Image-text web data

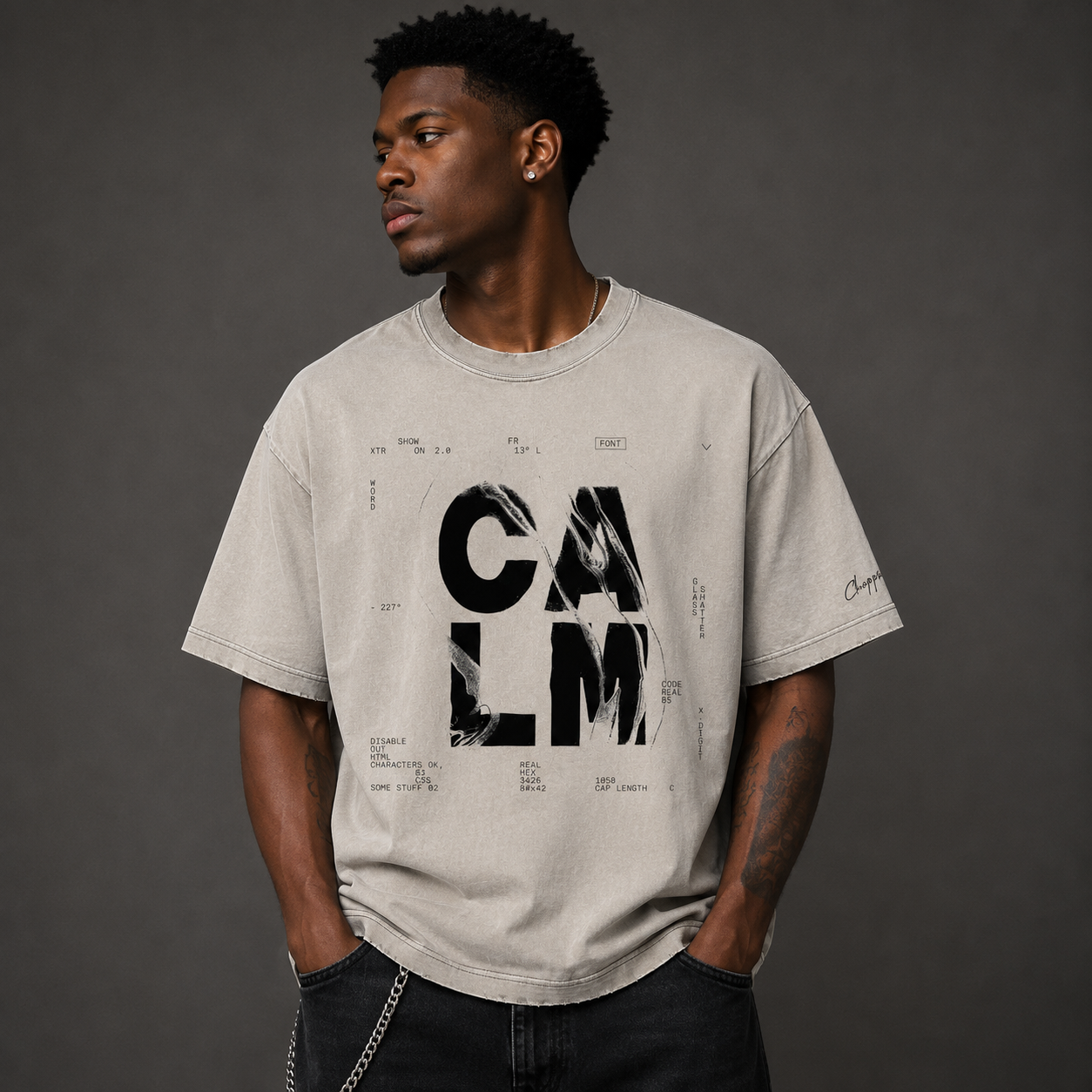 Choppawood "Calm" Heavyweight Vintage Washed Frayed T-Shirt | Premium Oversized Streetwear Tee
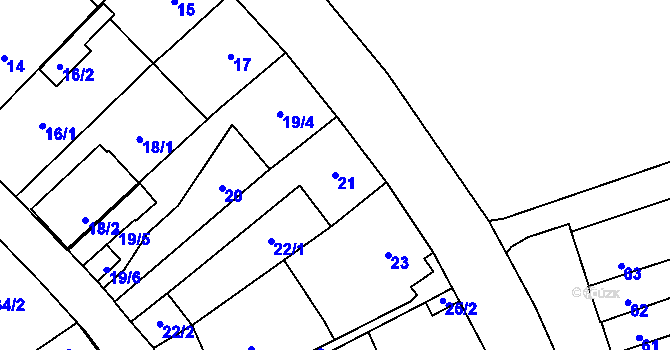 Parcela st. 21 v KÚ Helenín, Katastrální mapa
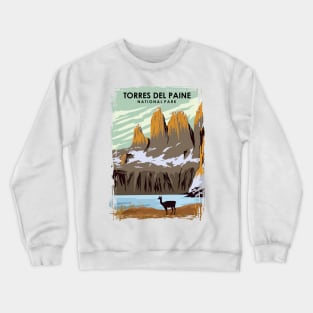 Torres Del Paine Natonal Park Vintage Minimal Chile Travel Poster Crewneck Sweatshirt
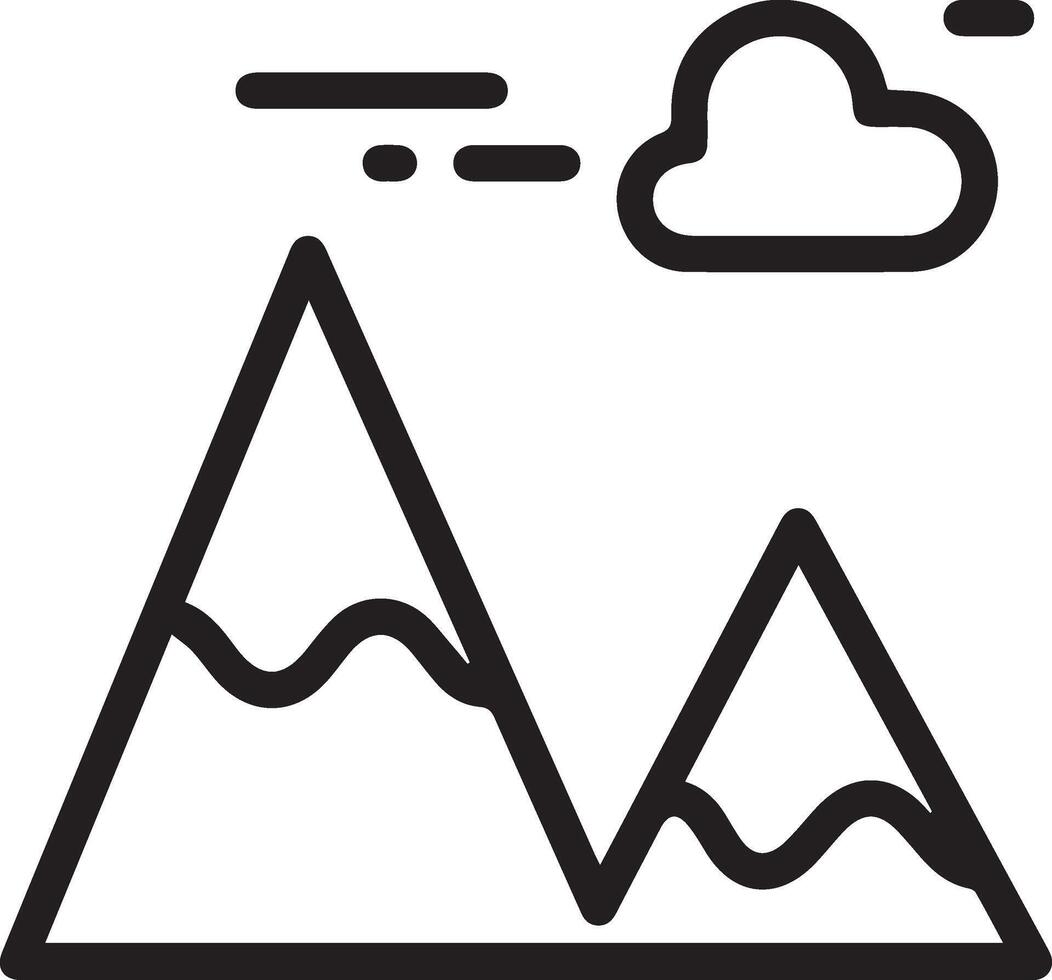 Mountains and clouds icon illustration clipart vector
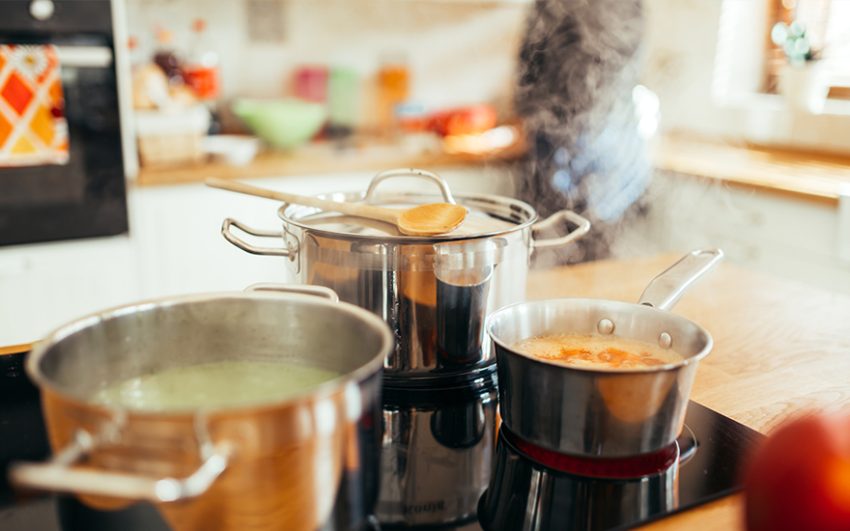 Soup bubbling on the stove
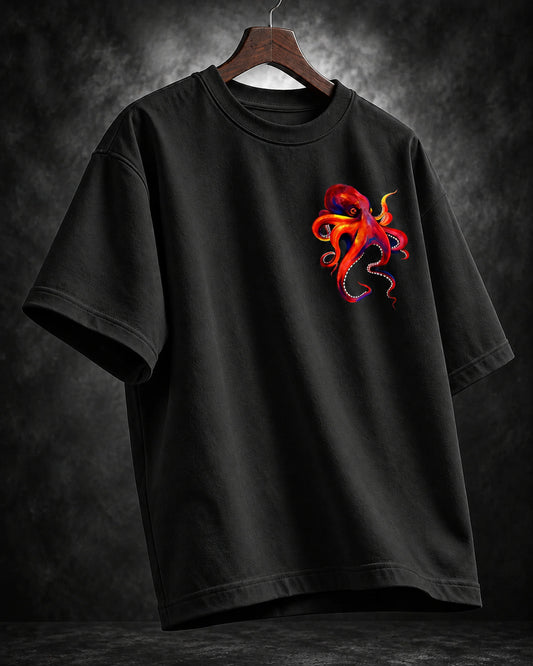 BYCADS Octopus Oversized Black T-Shirt | 100% Cotton 240 GSM Unisex Graphic Streetwear Tee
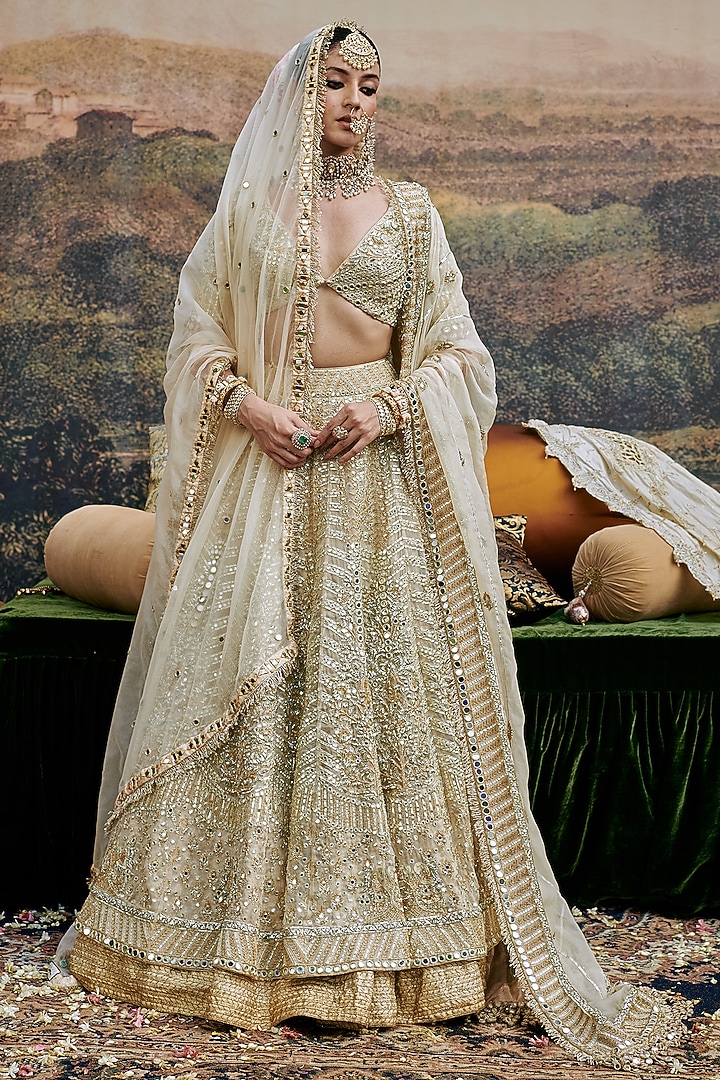 Ivory Organza Gota & Mirror Embroidered Bridal Lehenga Set by ITRH at Pernia's Pop Up Shop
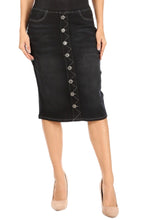 Mid Length Button Denim Skirt Style 77803 in Black Wash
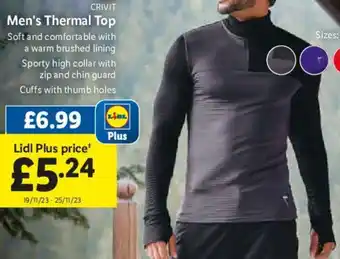 Lidl Men's Thermal Top offer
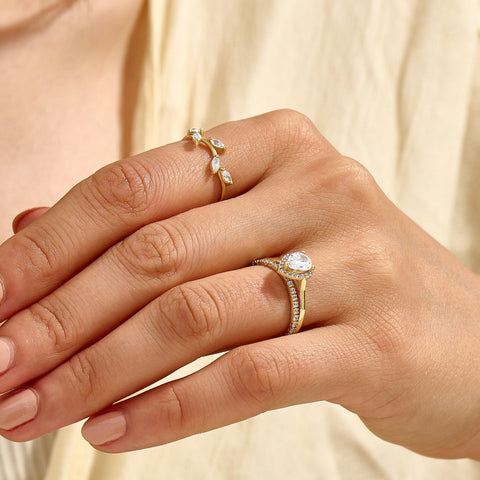 14k Solid Gold Diamond Eternity Band | Skinny Pave Wedding Ring | Dainty Stacking Bridal Jewelry Gift for Her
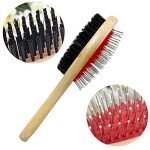 Double-Sided Wooden Dog Brush for Grooming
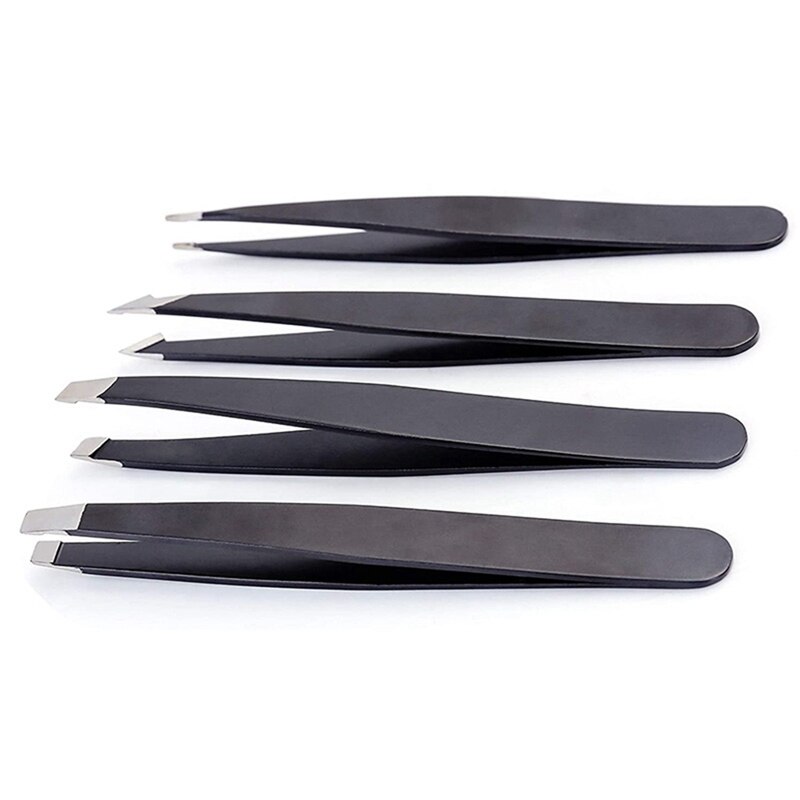 4 Pcs Tweezers For DIY Eyebrow Anti-Static Stainless Steel Tweezers Beauty Tool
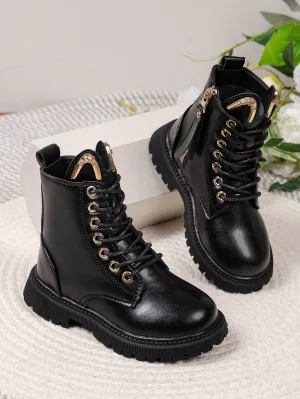 Girls Metal Decor Side Zipper Boots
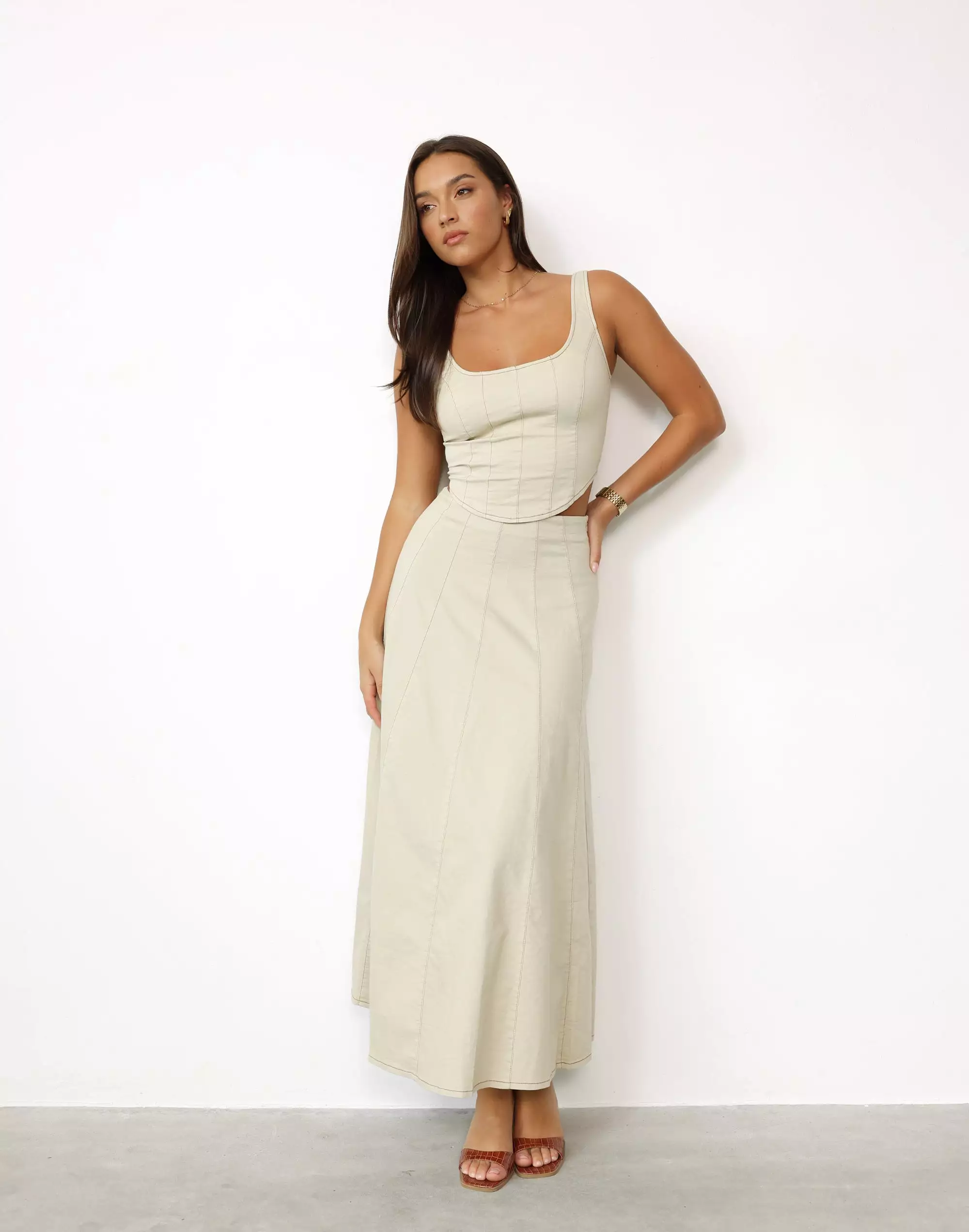 Haylee Maxi Skirt Oat - Shop Now!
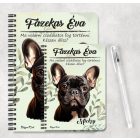 Személyre szabható - Fekete francia bulldog portré mintás A6-os füzet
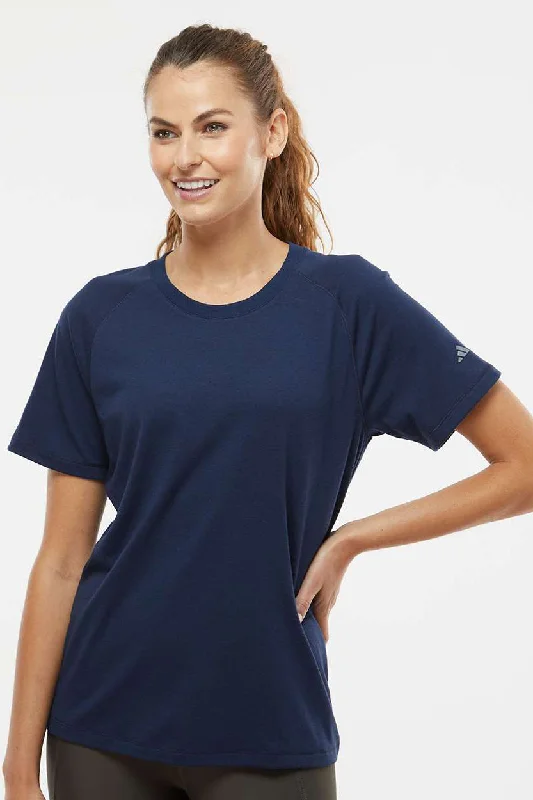 Women’s cold-shoulder tops for trendy fashion -Adidas Womens Short Sleeve Crewneck T-Shirt - Collegiate Navy Blue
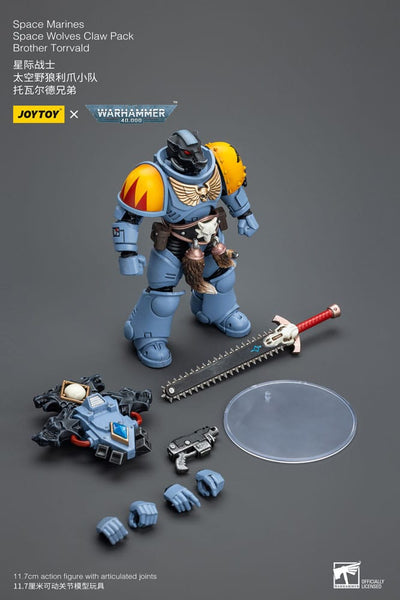 Warhammer 40k Action Figure 1/18 Space Marines Space Wolves Claw Pack Brother Torrvald 12 cm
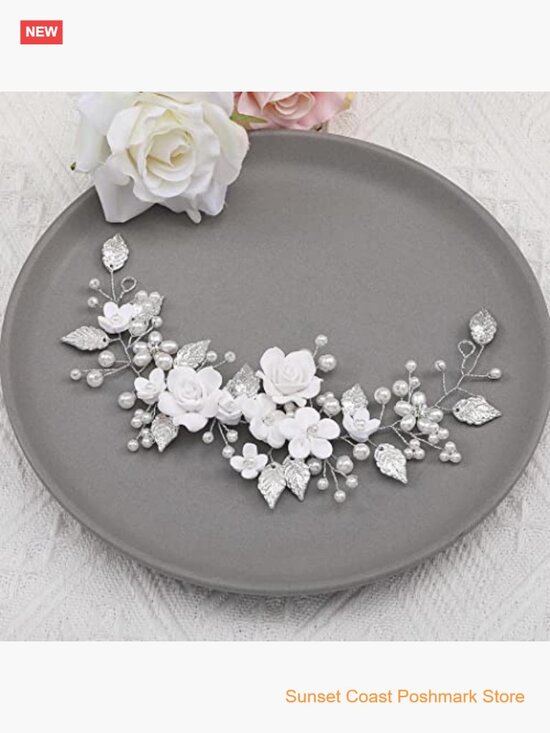 Flower Bride Wedding Hair Vine Pearl Bridal Headpiece Rhinestone Headband main image 4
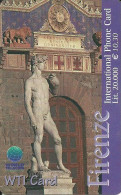 Italy: Prepaid World Telecom - Firenze, Statua Del David, Michelangelo - GSM-Kaarten, Aanvulling & Voorafbetaald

## [EXERCISE BRIEF]
Return all of the entries exactly as written, but drop any pictures they hold.

## [OUTPUT FOR THIS EXERCISE]
 Choppawood "Calm" Heavyweight Vintage Washed Frayed T-Shirt | Premium Oversized Streetwear Tee
 Parcela st. 21 v KÚ Helenín, Katastrální mapa
 Torres Del Paine Natonal Park Vintage Minimal Chile Travel Poster Crewneck Sweatshirt
 Mountains and clouds icon illustration clipart vector
 Soup bubbling on the stove
 BYCADS Octopus Oversized Black T-Shirt | 100% Cotton 240 GSM Unisex Graphic Streetwear Tee
 Ivory Organza Gota & Mirror Embroidered Bridal Lehenga Set by ITRH at Pernia's Pop Up Shop
 Mid Length Button Denim Skirt Style 77803 in Black Wash
 Lidl Men's Thermal Top offer
 14k Solid Gold Diamond Eternity Band | Skinny Pave Wedding Ring | Dainty Stacking Bridal Jewelry Gift for Her
 Double-Sided Wooden Dog Brush for Grooming
 4 Pcs Tweezers For DIY Eyebrow Anti-Static Stainless Steel Tweezers Beauty Tool
 Girls Metal Decor Side Zipper Boots
 Haylee Maxi Skirt Oat - Shop Now!
 Személyre szabható - Fekete francia bulldog portré mintás A6-os füzet
 Women’s cold-shoulder tops for trendy fashion -Adidas Womens Short Sleeve Crewneck T-Shirt - Collegiate Navy Blue
 Warhammer 40k Action Figure 1/18 Space Marines Space Wolves Claw Pack Brother Torrvald 12 cm
 Flower Bride Wedding Hair Vine Pearl Bridal Headpiece Rhinestone Headband main image 4
 Italy: Prepaid World Telecom - Firenze, Statua Del David, Michelangelo - GSM-Kaarten, Aanvulling & Voorafbetaald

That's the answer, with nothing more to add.